Primeiros abalos naquela estrutura aparentemente inabalável registraram-se nos diários de Stefan, fins de Outubro de 1931 quando estava envolvido — com a ansiedade de sempre — na elaboração da biografia de Maria Antonieta. Na véspera de completar os cinquenta anos aquele incansável trabalhador intelectual não se conformava com o ócio das enteadas, mulheres feitas (com 24 e 21 anos).

 

Ao defender as filhas, Friderike só ampliava as rusgas. Não pressentiu que a decisão do marido de alugar um apartamento em Londres para trabalhar na biografia de Maria Stuart mascarava uma crise existencial do escritor intranquilo, mercurial e, concomitante, uma outra, conjugal. Stefan transformara a sensual namorada numa eficiente operadora da firma, Betrieb, doméstico-profissional. E quando ela flagrou o marido agarrado à secretária londrina, Lotte Altmann, quando estavam todos em Nice, Costa Azul, a consternação não veio do amor-próprio ferido, da dupla traição (fora ela quem a selecionara numa organização de refugiados da Alemanha), mas da percepção de que os cabelos grisalhos e os muitos quilos que ganhou como factótum a serviço do homem que adorava nada valiam.

 

Os três anos transcorridos entre o flagrante da infidelidade (1935) e a consumação do divórcio (1938) foram extremamente penosos para Friderike. Foi tudo razoavelmente amigável, acertado através de advogados, mas as naturais vacilações de Stefan eram respondidas pela família de Lotte (principalmente seu irmão, Manfred Altmann (v. verbete), com pressões extremamente severas, ignorando que todos eram igualmente refugiados, vítimas do terror nazista.

 

Romain Rolland, sempre muito ligado a Friderike, tentou interferir em seu favor quando ela encontrava-se em Paris, expatriada, sem documentos e pediu a Stefan que a incluísse como consorte no pedido de naturalização ao governo britânico. Isso significaria que da França ela teria que transferir-se por algum tempo à Inglaterra até a concessão do passaporte. Zweig reagiu ao apelo de Rolland com extrema rudeza. O que pode ter agravado um distanciamento até aquele momento situado apenas na esfera ideológica.

 

De Paris, Friderike pressentiu o crescente pessimismo de Stefan a partir do dia em que começou a Segunda Guerra Mundial. Adivinhava o que se seguiria, mobilizou os amigos parisienses e logo Stefan recebeu os convites para conferências na capital francesa. Despediu-se da Europa antes da sua ruína.

 

O decidido empenho de Stefan para garantir a fuga de Friderike, filhas e genros, da França para Nova York, apagou a violenta transformação sofrida por Stefan nos últimos tempos.
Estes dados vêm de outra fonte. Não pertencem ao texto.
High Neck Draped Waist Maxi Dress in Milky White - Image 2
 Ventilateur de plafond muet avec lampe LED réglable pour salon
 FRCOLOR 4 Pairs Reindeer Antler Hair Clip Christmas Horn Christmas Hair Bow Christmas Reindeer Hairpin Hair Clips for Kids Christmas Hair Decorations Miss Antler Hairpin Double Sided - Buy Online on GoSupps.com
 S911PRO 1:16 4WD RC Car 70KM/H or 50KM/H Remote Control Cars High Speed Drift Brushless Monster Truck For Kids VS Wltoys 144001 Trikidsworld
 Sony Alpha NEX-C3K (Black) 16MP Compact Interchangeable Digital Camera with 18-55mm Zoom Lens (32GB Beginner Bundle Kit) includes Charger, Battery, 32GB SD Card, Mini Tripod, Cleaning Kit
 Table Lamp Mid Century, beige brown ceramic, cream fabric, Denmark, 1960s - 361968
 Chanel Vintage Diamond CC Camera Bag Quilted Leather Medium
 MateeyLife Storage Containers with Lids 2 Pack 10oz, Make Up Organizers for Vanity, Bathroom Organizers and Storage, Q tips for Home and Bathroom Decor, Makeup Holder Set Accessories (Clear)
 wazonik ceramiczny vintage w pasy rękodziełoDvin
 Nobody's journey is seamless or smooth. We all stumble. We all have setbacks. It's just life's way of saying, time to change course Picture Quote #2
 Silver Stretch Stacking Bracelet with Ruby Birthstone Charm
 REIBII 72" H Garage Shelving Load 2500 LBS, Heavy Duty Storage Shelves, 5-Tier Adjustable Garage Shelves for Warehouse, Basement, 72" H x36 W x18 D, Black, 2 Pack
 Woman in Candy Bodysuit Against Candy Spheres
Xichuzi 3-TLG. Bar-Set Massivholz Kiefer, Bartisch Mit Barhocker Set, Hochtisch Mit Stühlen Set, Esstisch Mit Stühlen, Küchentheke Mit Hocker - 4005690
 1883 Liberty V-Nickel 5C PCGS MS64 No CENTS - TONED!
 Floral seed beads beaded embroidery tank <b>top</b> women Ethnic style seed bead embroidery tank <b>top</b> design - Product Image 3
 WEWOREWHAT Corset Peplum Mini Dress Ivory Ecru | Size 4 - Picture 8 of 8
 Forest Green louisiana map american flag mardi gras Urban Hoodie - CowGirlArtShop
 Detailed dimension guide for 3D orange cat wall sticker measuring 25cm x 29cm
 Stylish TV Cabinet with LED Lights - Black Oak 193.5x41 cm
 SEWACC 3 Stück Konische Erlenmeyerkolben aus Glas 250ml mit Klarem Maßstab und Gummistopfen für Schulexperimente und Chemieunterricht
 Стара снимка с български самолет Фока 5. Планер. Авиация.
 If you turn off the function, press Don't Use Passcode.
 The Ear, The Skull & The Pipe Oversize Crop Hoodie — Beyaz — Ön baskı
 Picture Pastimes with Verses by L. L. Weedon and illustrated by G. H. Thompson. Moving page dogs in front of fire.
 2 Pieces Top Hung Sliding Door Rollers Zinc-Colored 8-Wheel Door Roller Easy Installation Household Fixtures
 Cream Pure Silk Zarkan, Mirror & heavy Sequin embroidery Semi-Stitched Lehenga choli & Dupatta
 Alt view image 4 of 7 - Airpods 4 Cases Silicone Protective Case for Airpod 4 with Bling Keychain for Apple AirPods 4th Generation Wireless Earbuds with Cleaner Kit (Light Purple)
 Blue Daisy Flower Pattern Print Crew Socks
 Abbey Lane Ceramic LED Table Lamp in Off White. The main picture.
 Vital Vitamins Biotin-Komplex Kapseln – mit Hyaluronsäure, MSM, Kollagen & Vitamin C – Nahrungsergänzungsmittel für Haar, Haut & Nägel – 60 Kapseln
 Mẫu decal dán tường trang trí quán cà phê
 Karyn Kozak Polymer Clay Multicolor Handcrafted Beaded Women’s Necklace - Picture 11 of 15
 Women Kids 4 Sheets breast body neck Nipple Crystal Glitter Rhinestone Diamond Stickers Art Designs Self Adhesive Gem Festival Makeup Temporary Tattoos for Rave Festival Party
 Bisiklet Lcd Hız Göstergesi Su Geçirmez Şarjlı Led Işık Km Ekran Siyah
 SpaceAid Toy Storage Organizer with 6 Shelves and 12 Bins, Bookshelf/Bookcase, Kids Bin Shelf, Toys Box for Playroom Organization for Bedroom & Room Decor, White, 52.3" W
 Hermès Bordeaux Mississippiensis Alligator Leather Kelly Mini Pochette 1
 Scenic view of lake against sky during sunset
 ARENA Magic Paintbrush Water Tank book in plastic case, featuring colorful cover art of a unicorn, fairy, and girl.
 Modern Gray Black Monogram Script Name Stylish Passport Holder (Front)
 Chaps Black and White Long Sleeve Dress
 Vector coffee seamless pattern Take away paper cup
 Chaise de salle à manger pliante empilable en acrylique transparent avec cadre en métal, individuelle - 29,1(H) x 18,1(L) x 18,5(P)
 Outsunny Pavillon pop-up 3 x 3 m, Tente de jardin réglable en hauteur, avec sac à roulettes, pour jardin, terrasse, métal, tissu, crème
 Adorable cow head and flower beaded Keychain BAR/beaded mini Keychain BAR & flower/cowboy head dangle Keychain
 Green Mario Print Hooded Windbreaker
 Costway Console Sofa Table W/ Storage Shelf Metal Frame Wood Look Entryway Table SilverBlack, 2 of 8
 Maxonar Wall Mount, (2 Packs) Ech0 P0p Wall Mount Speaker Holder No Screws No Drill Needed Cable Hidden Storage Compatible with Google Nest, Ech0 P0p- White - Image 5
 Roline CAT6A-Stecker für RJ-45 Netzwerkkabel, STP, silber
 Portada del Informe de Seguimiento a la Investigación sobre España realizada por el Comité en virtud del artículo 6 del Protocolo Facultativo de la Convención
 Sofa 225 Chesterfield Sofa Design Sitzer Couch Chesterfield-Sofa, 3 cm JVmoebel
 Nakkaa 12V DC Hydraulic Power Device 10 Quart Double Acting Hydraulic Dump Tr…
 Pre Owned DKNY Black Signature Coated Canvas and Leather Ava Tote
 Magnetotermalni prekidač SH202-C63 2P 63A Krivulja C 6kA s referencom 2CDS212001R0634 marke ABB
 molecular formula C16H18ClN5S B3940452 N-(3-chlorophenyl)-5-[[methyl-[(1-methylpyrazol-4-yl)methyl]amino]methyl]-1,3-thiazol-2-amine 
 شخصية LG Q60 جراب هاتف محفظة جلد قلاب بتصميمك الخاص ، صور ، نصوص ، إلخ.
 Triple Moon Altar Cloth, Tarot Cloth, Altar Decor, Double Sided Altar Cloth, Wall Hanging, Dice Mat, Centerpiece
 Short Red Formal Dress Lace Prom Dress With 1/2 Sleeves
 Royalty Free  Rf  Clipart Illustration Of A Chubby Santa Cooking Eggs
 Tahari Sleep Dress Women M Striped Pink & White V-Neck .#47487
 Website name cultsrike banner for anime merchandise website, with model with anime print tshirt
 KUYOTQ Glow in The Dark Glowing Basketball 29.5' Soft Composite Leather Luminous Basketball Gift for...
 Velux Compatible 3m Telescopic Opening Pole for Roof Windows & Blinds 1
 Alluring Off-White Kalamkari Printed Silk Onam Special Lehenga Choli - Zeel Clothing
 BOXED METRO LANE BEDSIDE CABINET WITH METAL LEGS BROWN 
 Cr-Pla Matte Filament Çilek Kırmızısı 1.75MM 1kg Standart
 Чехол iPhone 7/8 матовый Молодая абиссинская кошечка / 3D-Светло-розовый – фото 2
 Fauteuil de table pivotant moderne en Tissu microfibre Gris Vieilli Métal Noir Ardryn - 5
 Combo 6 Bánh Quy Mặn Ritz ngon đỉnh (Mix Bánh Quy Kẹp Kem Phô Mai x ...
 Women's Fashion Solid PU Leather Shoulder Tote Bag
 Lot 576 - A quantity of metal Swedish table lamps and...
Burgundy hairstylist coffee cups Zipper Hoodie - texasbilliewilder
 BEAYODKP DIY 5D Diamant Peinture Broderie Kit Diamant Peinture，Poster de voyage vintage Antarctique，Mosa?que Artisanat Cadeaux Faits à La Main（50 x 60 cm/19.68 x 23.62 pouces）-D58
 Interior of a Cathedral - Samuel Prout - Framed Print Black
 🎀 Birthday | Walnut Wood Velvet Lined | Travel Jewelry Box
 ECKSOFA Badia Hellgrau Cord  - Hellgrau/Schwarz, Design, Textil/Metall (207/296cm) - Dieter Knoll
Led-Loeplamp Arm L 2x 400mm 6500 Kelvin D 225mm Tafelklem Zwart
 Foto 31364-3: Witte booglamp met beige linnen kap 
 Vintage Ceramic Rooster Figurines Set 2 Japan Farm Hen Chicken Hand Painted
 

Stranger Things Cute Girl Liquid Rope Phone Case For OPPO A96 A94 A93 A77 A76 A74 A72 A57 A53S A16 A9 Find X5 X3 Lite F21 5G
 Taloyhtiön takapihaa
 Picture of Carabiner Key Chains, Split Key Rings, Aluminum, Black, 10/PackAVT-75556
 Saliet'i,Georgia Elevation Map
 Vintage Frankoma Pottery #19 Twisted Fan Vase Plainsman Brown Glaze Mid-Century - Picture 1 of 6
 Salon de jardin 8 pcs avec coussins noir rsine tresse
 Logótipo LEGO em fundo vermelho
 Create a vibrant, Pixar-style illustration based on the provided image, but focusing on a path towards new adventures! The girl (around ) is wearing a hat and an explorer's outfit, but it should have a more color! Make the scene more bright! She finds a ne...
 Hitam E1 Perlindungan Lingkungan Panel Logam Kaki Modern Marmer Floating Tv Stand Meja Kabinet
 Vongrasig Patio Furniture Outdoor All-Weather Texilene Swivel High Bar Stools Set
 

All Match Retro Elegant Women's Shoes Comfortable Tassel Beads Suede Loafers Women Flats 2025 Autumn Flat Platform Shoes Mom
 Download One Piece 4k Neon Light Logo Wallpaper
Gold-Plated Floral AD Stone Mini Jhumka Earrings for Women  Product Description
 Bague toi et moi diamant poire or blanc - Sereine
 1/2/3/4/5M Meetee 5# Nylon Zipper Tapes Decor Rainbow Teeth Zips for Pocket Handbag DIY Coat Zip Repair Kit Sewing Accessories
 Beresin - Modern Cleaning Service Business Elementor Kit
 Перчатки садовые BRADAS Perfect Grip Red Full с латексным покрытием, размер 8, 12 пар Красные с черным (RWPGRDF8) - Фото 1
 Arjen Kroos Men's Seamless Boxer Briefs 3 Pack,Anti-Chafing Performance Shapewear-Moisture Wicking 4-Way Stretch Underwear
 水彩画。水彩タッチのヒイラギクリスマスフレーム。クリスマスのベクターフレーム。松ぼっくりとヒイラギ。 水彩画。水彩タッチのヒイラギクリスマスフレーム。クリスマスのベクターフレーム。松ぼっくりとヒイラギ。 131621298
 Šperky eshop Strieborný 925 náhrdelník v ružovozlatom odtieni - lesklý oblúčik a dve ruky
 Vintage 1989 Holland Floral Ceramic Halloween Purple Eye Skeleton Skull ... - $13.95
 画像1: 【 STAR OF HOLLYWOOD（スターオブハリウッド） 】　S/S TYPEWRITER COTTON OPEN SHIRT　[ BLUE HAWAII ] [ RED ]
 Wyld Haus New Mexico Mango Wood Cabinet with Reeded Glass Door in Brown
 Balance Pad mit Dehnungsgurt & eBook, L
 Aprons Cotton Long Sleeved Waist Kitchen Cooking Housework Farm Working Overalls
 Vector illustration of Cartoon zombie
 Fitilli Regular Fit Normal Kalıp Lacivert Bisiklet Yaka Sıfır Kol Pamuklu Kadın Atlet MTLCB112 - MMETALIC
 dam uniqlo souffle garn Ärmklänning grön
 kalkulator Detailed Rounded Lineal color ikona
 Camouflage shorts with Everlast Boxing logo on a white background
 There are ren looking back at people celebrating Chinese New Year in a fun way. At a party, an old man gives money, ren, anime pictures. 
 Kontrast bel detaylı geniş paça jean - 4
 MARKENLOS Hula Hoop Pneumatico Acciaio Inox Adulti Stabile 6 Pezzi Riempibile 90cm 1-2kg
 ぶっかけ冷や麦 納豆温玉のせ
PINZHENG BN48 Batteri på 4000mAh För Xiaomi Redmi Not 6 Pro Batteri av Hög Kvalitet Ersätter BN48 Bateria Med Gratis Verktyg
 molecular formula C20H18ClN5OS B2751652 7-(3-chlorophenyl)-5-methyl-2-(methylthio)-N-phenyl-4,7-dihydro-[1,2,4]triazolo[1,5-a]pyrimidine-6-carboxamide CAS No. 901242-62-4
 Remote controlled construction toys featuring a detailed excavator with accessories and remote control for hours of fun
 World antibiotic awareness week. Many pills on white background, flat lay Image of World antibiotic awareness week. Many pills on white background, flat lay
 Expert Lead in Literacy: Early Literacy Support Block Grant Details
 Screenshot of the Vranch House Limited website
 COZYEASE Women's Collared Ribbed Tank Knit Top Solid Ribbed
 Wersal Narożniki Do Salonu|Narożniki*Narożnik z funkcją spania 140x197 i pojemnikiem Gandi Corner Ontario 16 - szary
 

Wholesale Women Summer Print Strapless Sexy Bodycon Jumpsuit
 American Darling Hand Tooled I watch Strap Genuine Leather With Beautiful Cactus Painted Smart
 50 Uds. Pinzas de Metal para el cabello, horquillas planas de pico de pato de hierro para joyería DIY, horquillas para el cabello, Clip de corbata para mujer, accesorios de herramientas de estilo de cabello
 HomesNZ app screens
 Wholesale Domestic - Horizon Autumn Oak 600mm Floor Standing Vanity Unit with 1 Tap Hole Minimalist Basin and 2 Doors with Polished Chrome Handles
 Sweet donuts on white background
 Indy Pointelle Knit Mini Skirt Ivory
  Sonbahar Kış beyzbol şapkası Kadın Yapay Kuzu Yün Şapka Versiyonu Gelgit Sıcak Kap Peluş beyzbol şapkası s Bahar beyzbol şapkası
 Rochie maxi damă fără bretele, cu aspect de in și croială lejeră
O inesperado reencontro dos ex-cônjuges no saguão de um edifício na Broadway, Nova York, em 23 de janeiro de 1941, impressionou-os da mesma maneira.

 

Nos meses seguintes Frederike, Lotte e Stefan encontraram-se inúmeras vezes. Inclusive no coquetel que Stefan e Lotte ofereceram no Hotel Wyndham aos amigos refugiados em Nova York.

 

A redação da autobiografia de Stefan remontou o triângulo pela última vez durante algumas semanas em junho-julho de 1941. Para escapar da inclemência do verão nova-iorquino, Frederike alugara um apartamento em Ossining, às margens do Hudson. Sentindo-se inseguro em matéria de eventos e pessoas e sem o apoio da documentação, Stefan recorreu à memória da ex-companheira (com a qual havia convivido intensamente desde 1912) e alugou uma simpática vila nas redondezas.

 

Angustiado com o desenrolar da guerra e com a sua própria situação de expatriado e sem-teto (impossível retornar à Inglaterra àquela altura do conflito), resolveu, como já fizera anteriormente, enfrentar a depressão mergulhando no trabalho.

 

Pela manhã escrevia, de tarde recapitulava os fatos com Friderike, depois revia o texto datilografado por Lotte e Alexia, a ex-enteada primogênita convocada para ajudar. Rotina insana, tensa. Para todos, exceto talvez para Friderike.

 

O trabalho terminou abruptamente antes do prazo. Amigos que os visitaram em Ossining registraram posteriormente o abatimento de Lotte. A intensa correspondência mantida com a sua cunhada, Hannah, não foi integralmente publicada, o que agrava as dúvidas e suspeitas geradas pelo segundo livro de memórias de Friderike, Spiegelungen des Lebens [Reflexos de Vida], publicado em 1964.

 

A decisão de retornar ao Brasil foi tomada para agradar Lotte. A cogitada opção pelos Estados Unidos (caso obtivessem o visto de residência), mesmo residindo na distante Califórnia (que Stefan apreciava e onde morava Thomas Mann), não a impediria  Friderike de exercer o poder afetivo que acabara de reconquistar.

 

De volta ao Brasil, Stefan voltou a corresponder-se assiduamente com a ex-mulher, geralmente com um adendo de Lotte. No dia do seu 60º aniversário recebeu dela e das filhas carinhoso telegrama e, como presente, um conjunto de obras sobre Michel de Montaigne, seu derradeiro guia espiritual.

 

Das mais de vinte cartas de despedida escritas por Stefan a última foi para Friderike, no próprio domingo, 22 de fevereiro de 1942, horas antes de ingerir a morfina que o matou. Escreveu-a em inglês, para evitar que a censura americana ou brasileira embargassem um texto no idioma alemão. Não teve tempo de despachá-la: deixou-a com os papeis que seriam entregues ao editor e testamenteiro Abrahão Koogan. Carinhosamente designa as filhas de Friderike como antigamente -- “as crianças” – e despede-se da ex-companheira “com amor e amizade”.

 

Alfred Zweig (v. verbete), o único irmão de Stefan, indignou-se com o papel de viúva assumido por Friderike.  Sobretudo quando publicava uma das quatro valiosas obras que deixou sobre a vida e a obra do marido-escritor. Quem a colocou nesta posição foi a legião de amigos que também eram seus. Manteve laços com todos.

 

Principalmente Scholem Asch, o grande escritor em língua idish (v.verbete) por quem Zweig tinha enorme admiração. Visitou o casal inúmeras vezes quando moravam em Stamford, Connecticut, e tanto gostou do lugar que Asch e sua mulher, Mathilde, lhe conseguiram uma simpática casa para comprar. Lá morreu.  No período em que foram vizinhos (Asch depois se mudou para Israel), Friderike abasteceu-o com referências para o último volume da trilogia que tanto furor causou nos meios judaicos e tem como personagem a sua padroeira (“Maria”, de 1949).

 

No livro que comemorou os seus setenta anos (Liber Amicorum Frederike Maria Zweig, 1952), está inscrita uma exemplar rede de afetos que o tempo, as guerras e o esquecimento não conseguiram separar.

 

Endereço na Agenda: 228 West 11th Street [riscado]; 1 Sheridan Square, New York. Tel. c/o Hoeller Chelsea 2-7895.